Ce passage replace le débat précisément sur le point qui nous intéresse en disqualifiant le recours au sujet extérieur en art au nom d’une téléologie esthétique se réclamant de la dialectique hégélienne.

On peut juger de l’effet que dut faire le ton péremptoire de ce passage sur Giacometti. C’est là nier la valeur de toute une éducation artistique, le sens de toute l’œuvre de son père, et nier sa hantise propre, ce qu’obscurément peut-être il sent malgré ses difficultés ne pas devoir laisser proscrire. C’est surtout là une liquidation de son double. La symétrie parfaite avec la sentence qui trois années plus tard viendra contresigner son exclusion du groupe n’est-elle pas patente ? Son œuvre sera elle-même jugée en 1935 « esthétiquement frivole et historiquement inutile »403. Il s’agit certes ici de poésie.

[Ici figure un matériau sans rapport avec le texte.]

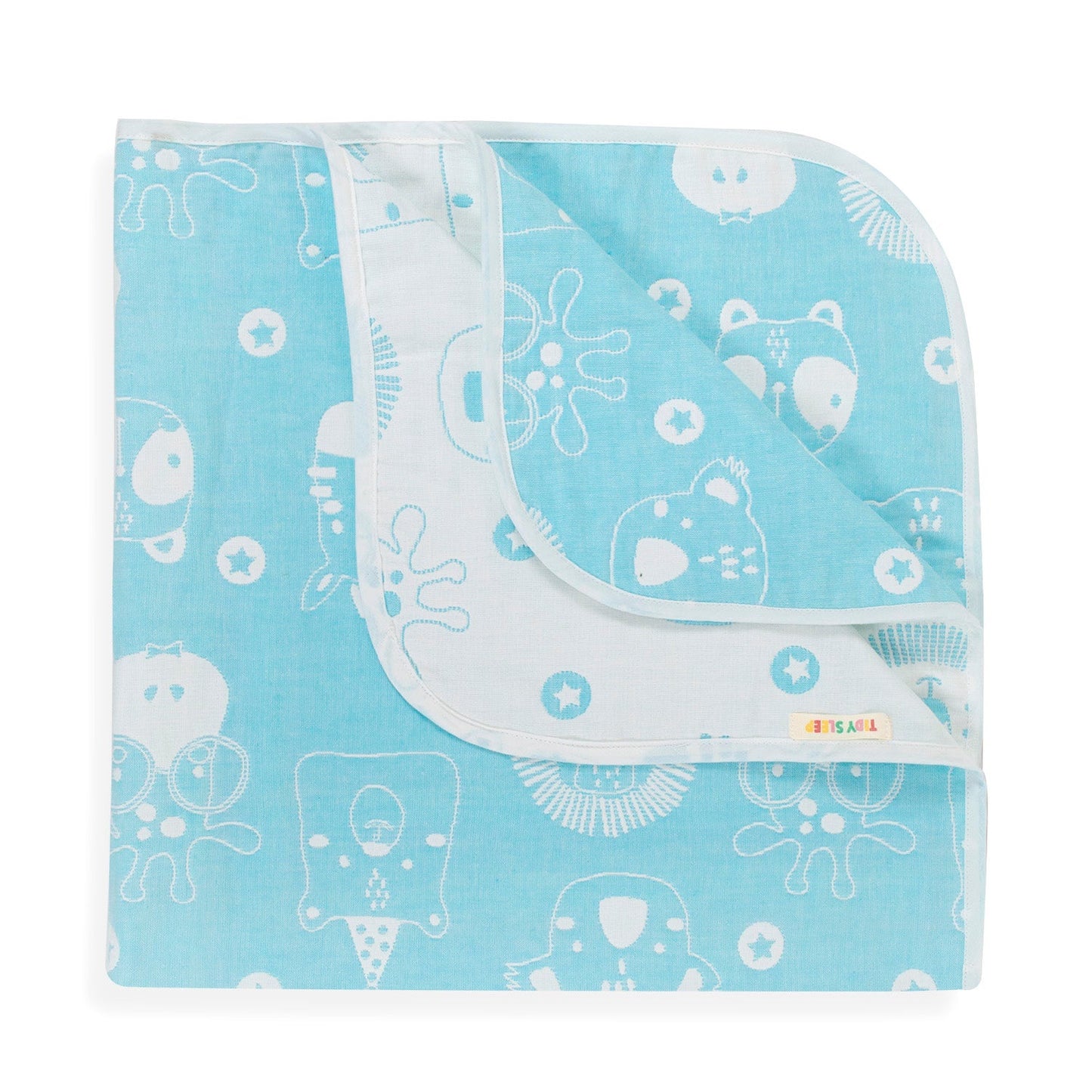 Organic Cotton  Blanket - Blue Animals image 4
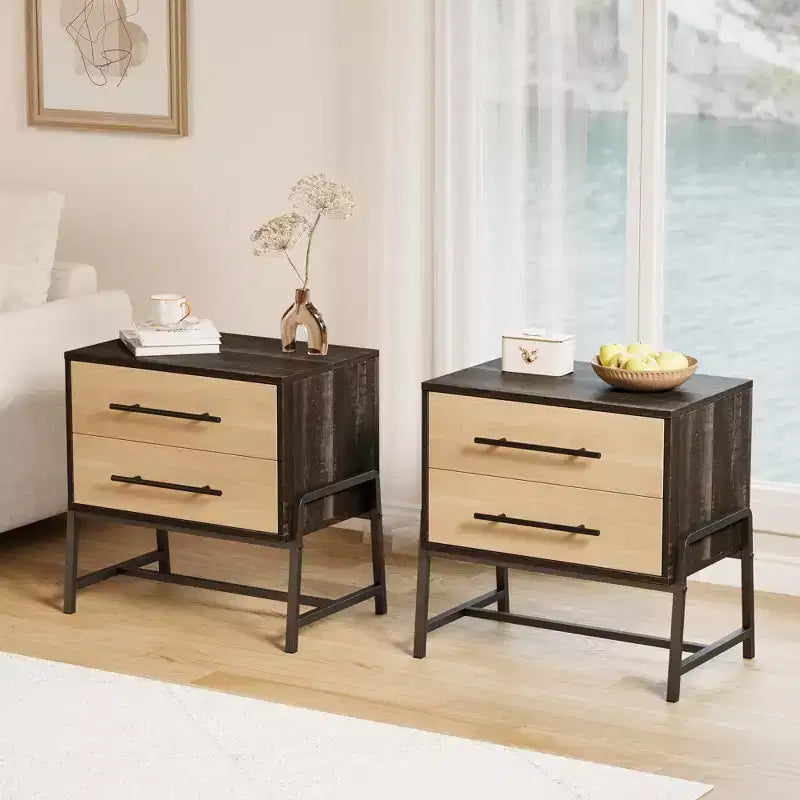 Table de chevet avec tiroirs 60 cm de large, table de chevet avec rangement, table d'appoint en bois clair avec pieds en métal, table de chevet marron foncé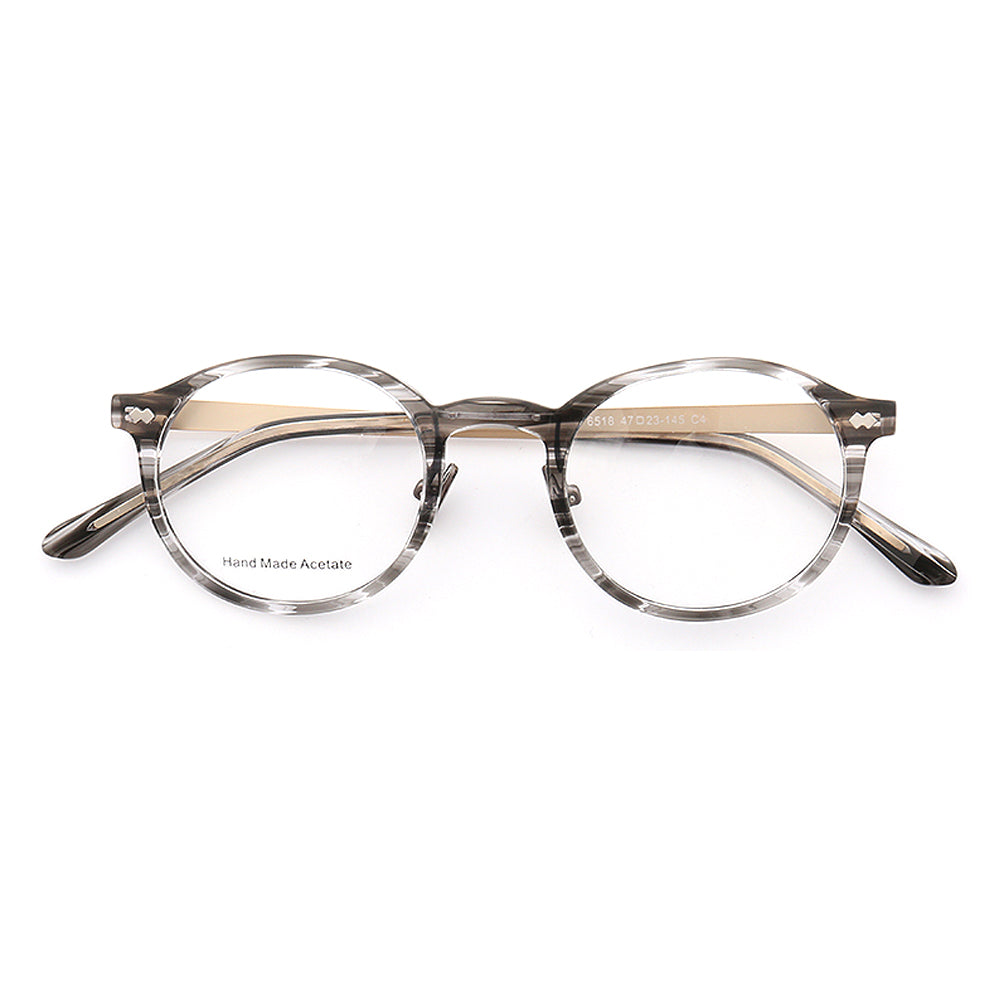 Durham | Composite Acetate & Metal Eyeglasses | Round Full Rim Frame w/ Patterned Design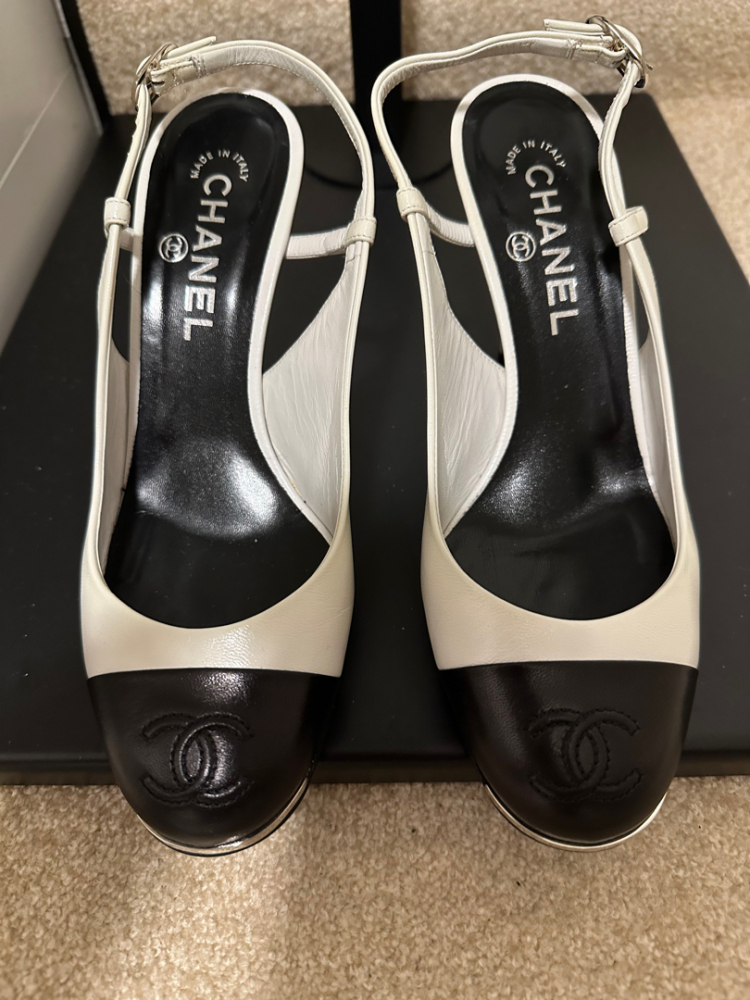 Chanel Black and white sling back heels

La réaction de Giacometti montre qu’il ne s’embarrasse pas de telles cloisons théoriques, et la lettre qu’il écrit à Breton le 9 mars 1932 ne laisse pas douter combien certaines attaques ont pu faire mouche :

‘Cher Breton,
J’ai lu ta brochure et je regrette de devoir te dire que je ne l’approuve sur aucun point. Je ne vois pas son but, je ne trouve pas qu’elle soit dialectique, ni dirigée par une idée révolutionnaire. Je désapprouve les motifs qui te font attaquer Peyralbe Moussinac et Fréville (entre autre tu attaques Moussinac en citant un passage de Hegel sur l’architecture dont tu fais un usage me semble-t-il abusif, l’architecture étant (je crois pour Hegel même) l’art qui exprime le mieux une époque.)
La position que tu donnes à la poésie est pour moi conservatrice donc réactionnaire. Je m’étonne que tu trouves la mort de Barlois « ridicule ». Elle me semble très défendable il y a assez de motifs pour cela. Je ne conçois pas la poésie et l’art sans sujet.
J’ai fait pour ma part des dessins pour la lutte, dessins à sujet immédiat* et je pense continuer, je ferais dans ce sens tout ce que je peux qui puisse servir dans la lutte de classes.
(* je n’y vois aucune incompatibilité avec ma sculpture et mes recherches)
Je pense que cela suffit pour situer ma position.
Bien amicalement
Alberto Giacometti404

La détermination que montre cette lettre est frappante, le ton de Giacometti n’y est pas celui du nouveau-venu s’adressant à un chef intimidant, mais l’expression franche et violente par son laconisme d’un désaccord profond405. Les reproches qu’il adresse à Breton montrent à quel point il est proche d’Aragon et du pôle « politique » du mouvement à ce moment-là406, jusque dans leur formulation nettement marquée par la rhétorique communiste. Giacometti prend la défense des journalistes de L’Humanité attaqués par Breton, et notamment de « La Mort de Barlois », cet « essai de littérature prolétarienne » où le pathétique le dispute au didactisme révolutionnaire407. Il prend surtout la défense des arts de l’espace, l’architecture ayant été durement malmenée par Breton dans sa brochure : « un Peyralbe […] concentrant ses moyens indigents de compréhension artistique sur l’architecture […] sans doute parce que celle-ci est incontestablement, comme l’a dit Hegel, ‘l’art le plus pauvre quant à l’expression des idées’ »408. Giacometti se sent tenu de riposter en termes hégéliens, même si l’imprécision de sa référence trahit une intuition personnelle davantage qu’une lecture de Hegel.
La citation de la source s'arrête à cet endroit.